A study led by researchers at the Keck School of Medicine of the University of Southern California (USC) has found that one of seven genetic risk factors previously identified as increasing the probability of developing prostate cancer also increases the probability of developing colorectal cancer.
As in the previous prostate cancer study, which was also conducted by USC researchers and published in the April 2007 edition of Nature Genetics, the colorectal cancer risk factor is located in a region of the human genome devoid of known genes on chromosome 8. The study's complete findings will be published in the July 8 online edition of Nature Genetics.
"This is an important finding because, for the first time, a common genetic risk factor for multiple cancers has been identified," says lead author Christopher Haiman, assistant professor of preventive medicine at the Keck School of Medicine of USC.
Adding, "There appears to be something fundamental occurring in this region that influences not only colorectal and prostate cancer, but perhaps cancers in general." (Another recently published study, in which USC researchers also were involved, identified variants in this same chromosomal region as playing a predictive role relative to the risk of developing breast cancer.)
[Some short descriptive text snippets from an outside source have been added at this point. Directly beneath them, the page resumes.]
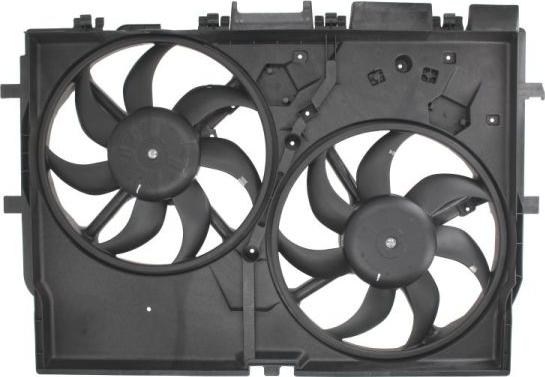 Thermotec D8F022TT - Ventilator, radiator parts5.com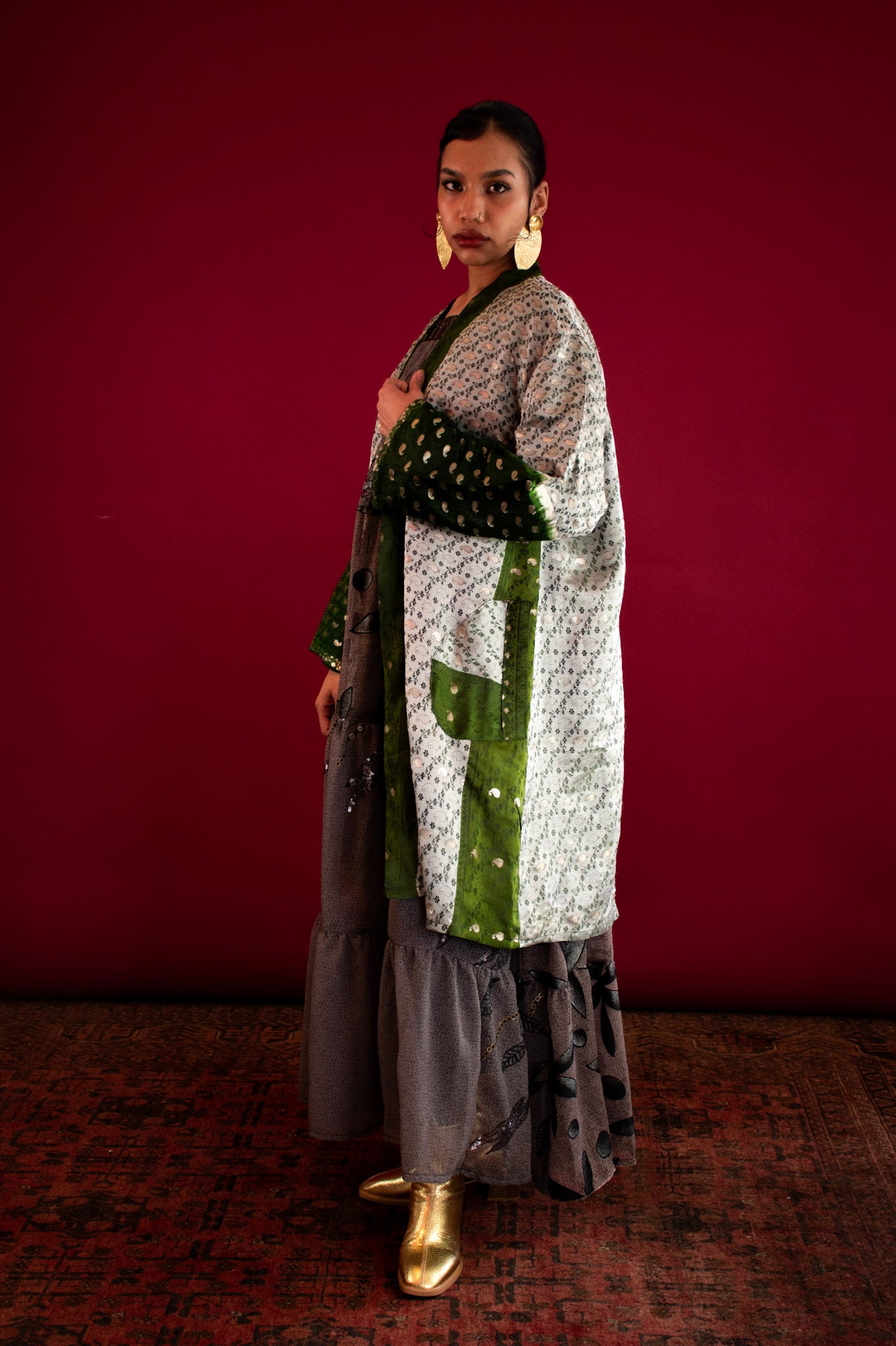 The Skyline Dress 3/6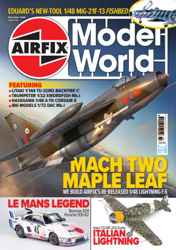 Airfix Model World Complete Your Collection Cover 1
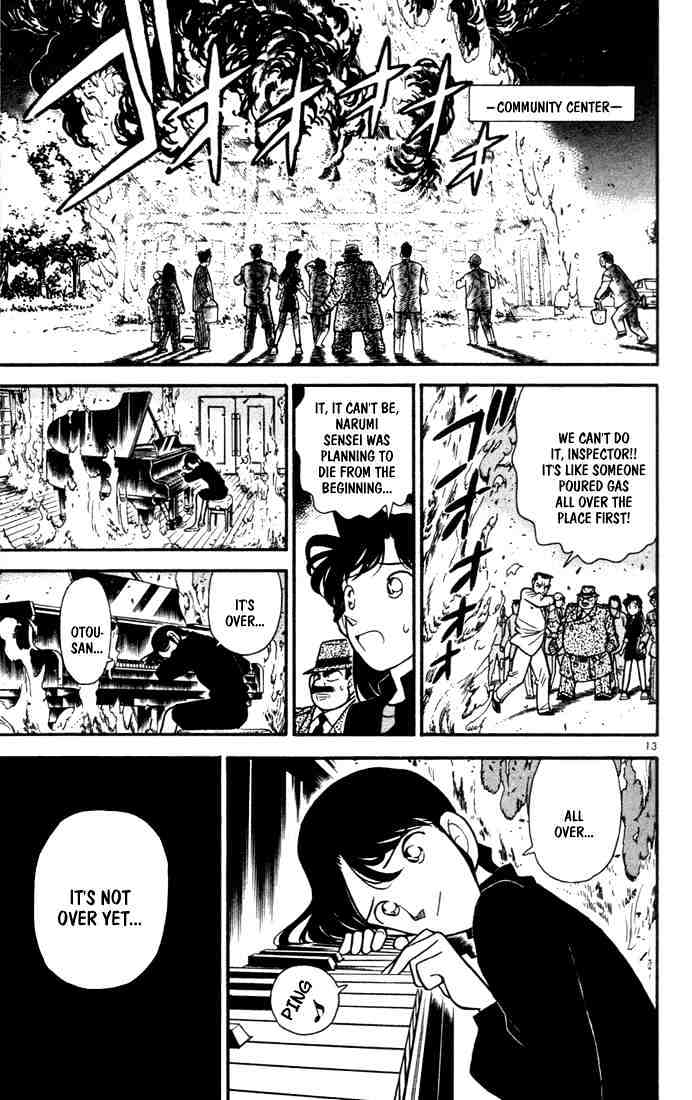 Read Detective Conan (en) Manga Online
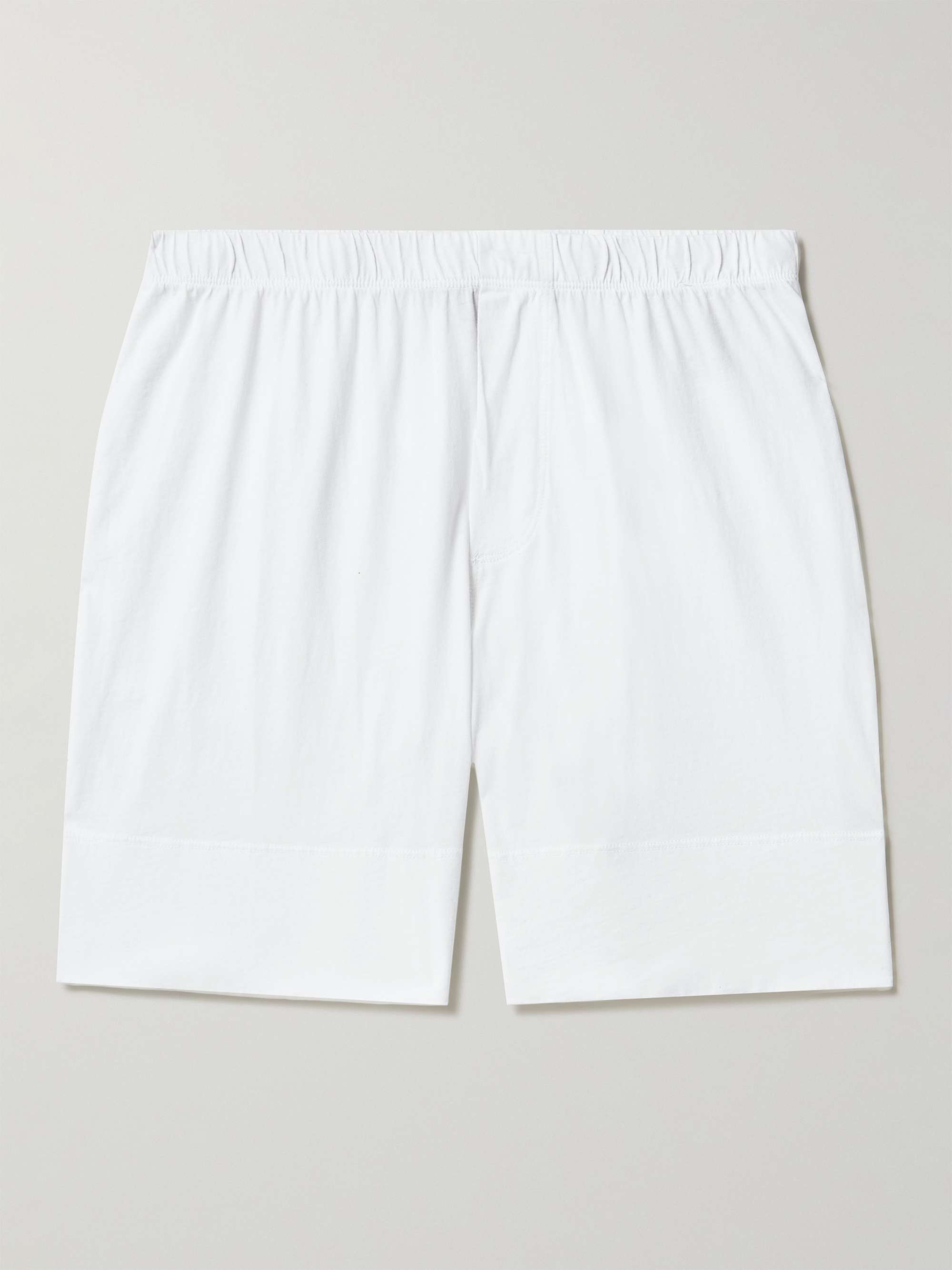 JAMES PERSE Cotton-Jersey Boxer Shorts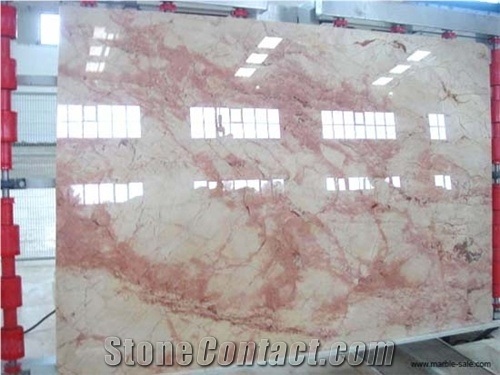Bilecik Rosalia Marble Slabs, Turkey Pink Marble Tiles & Slabs, Pink Polished Marble Floor Tiles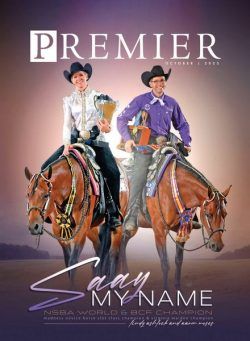 Premier Magazine – October 2023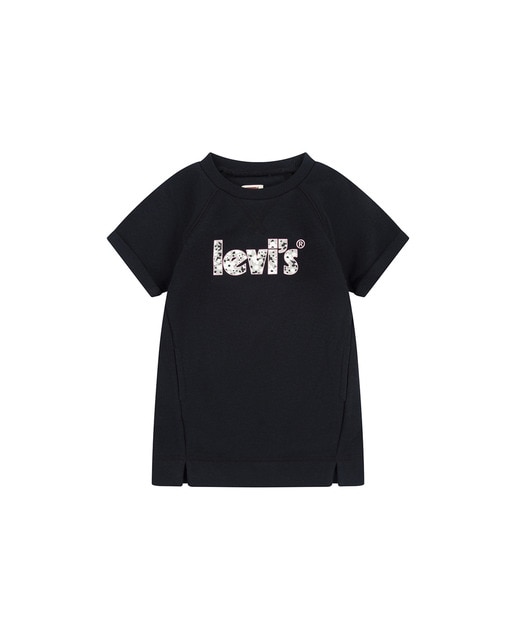 Imagen 0 de Vestido estilo camiseta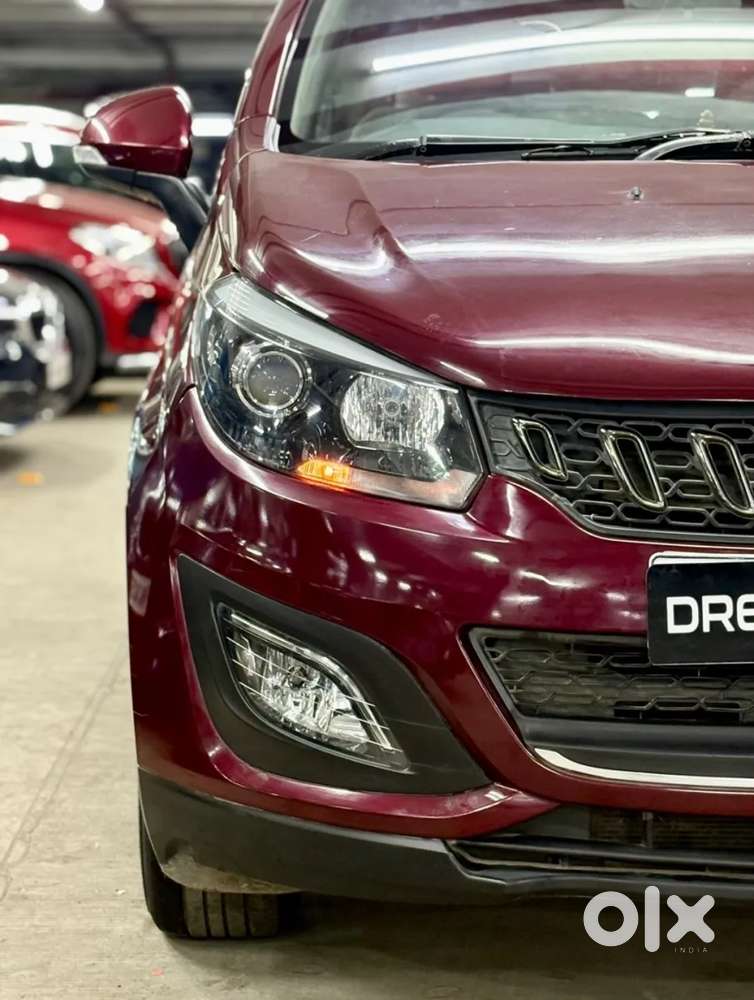 Mahindra Marazzo M6 8str, 2018, Diesel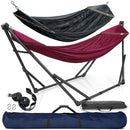 Tranquillo Comfort Set Original Hammock Stand for Ultimate Relaxation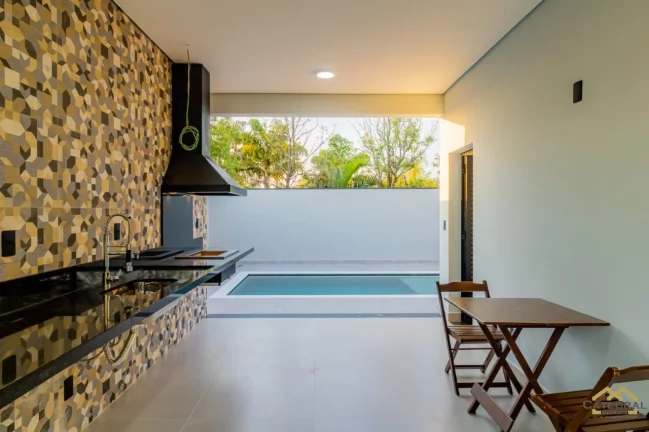 Imagem Casa térrea no condomínio Villagio Azzure - Itupeva/SP
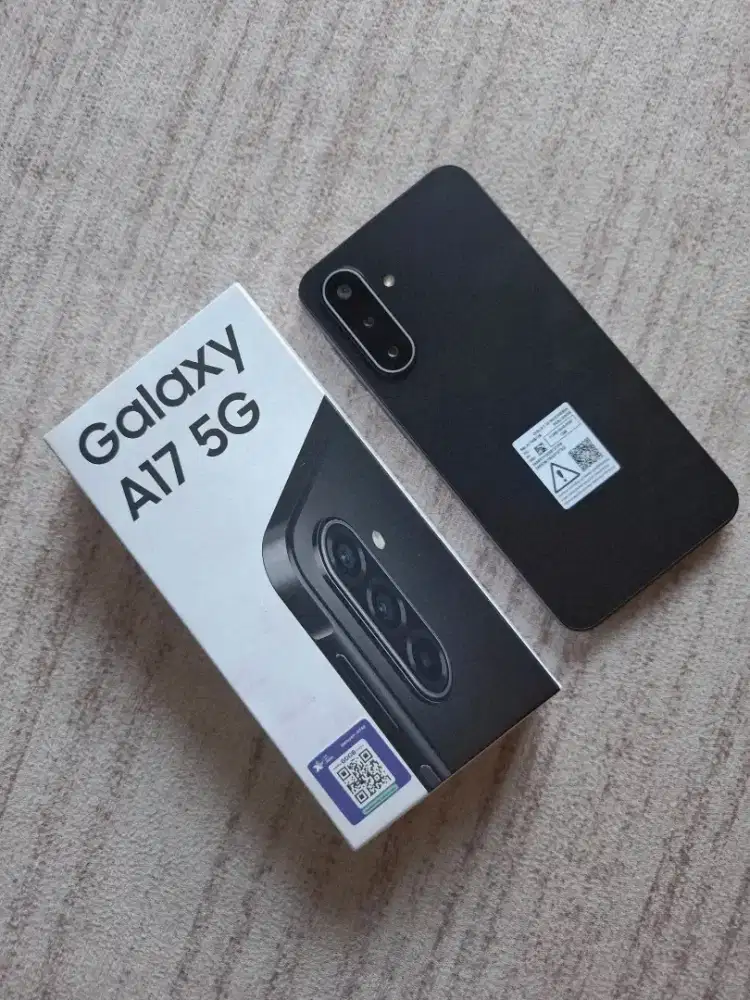 Samsung galaxy A17 5G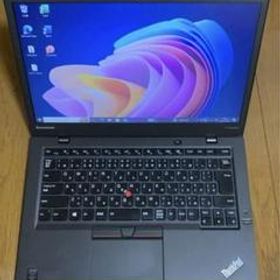 Thinkpad X1carbon Office2021/365 リカバリ搭載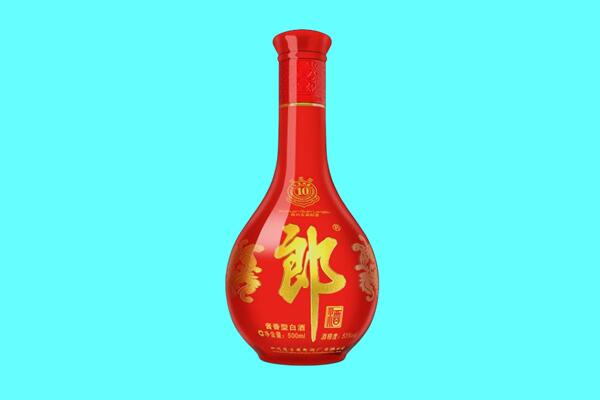 威海乳山市回收郎酒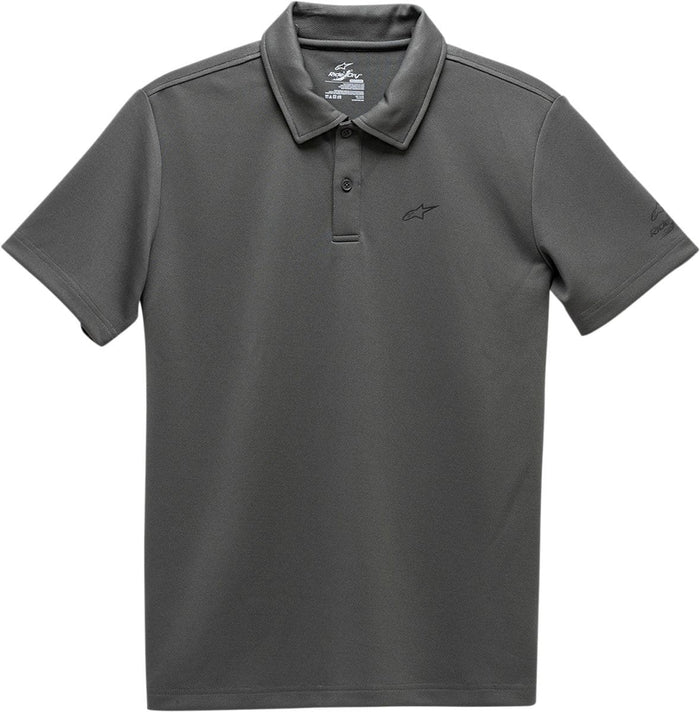 ALP30403029 Maglietta Polo Alpinestars Scenario Performance antracite 2XL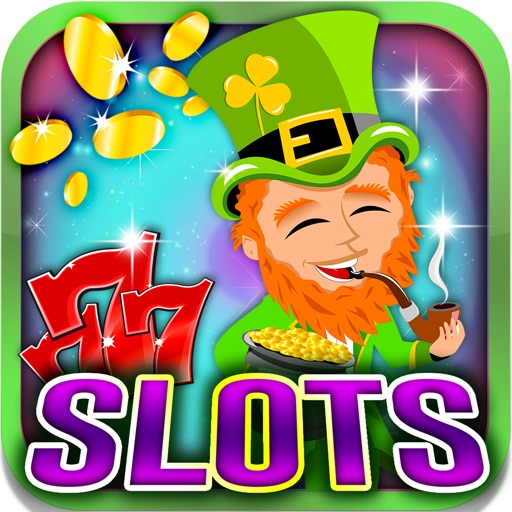 Super Ireland Slots: Use your lucky four clover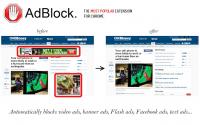 AdBlock 2.6.18 screenshot. Click to enlarge!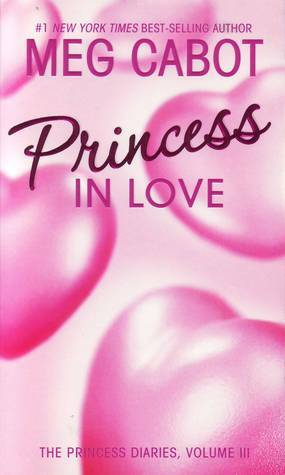 A Princesa Apaixonada by Meg Cabot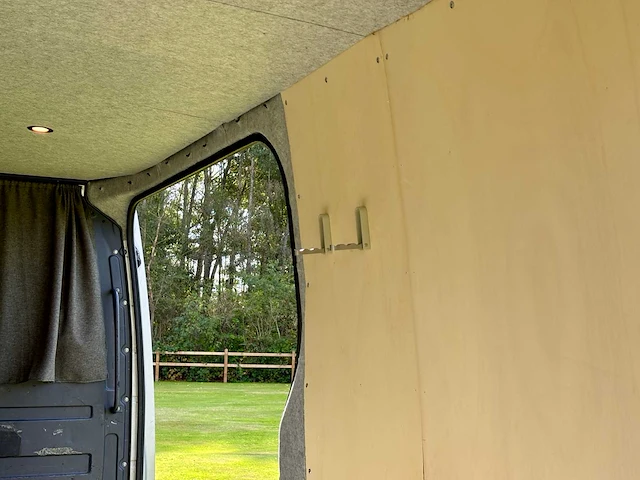 Mercedes sprinter 313 cdi automaat offroad camper – roestvrij – 198.000 km - afbeelding 50 van  82
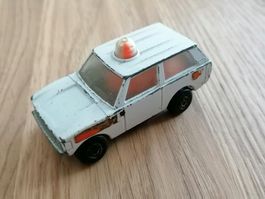 Matchbox - No. 20 Police Patrol - Rollamatics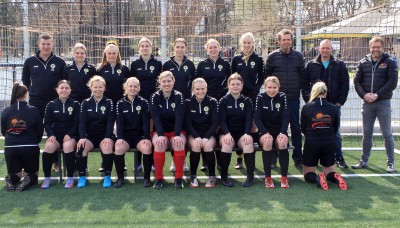 Dames1-Raalte 2-1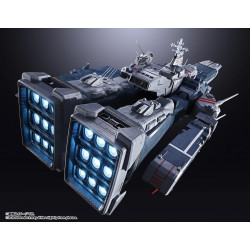 SDF-1 Macross DX Chogokin Bandai Macross / Robotech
For the current colorectal cancer study, the USC team genotyped six of the seven variants previously identified as increasing the risk of prostate cancer development. The samples analyzed totaled 1,807 invasive colorectal cancer cases and 5,511 controls.
These samples were drawn from five populations (African Americans, Japanese Americans, Native Hawaiians, Latinos, and European Americans) included in the Multiethnic Cohort Study, an epidemiological study of more than 215,000 people from Los Angeles and Hawaii created in 1993 by Brian Henderson, dean, Keck School of Medicine of USC, and Laurence Kolonel of the University of Hawaii.
According to Henderson, co-author of the colorectal cancer study, "Having previously identified several genetic risk factors related to prostate cancer, and now having identified one of these same variants as predictive of colorectal cancer risk, brings us closer to our long-term goal of developing a model that more precisely pinpoints who is at greater risk for developing colorectal, prostate, and other cancers.
" However, Henderson notes, "We still need to identify the biological mechanism through which these variants are influencing the development of various cancers."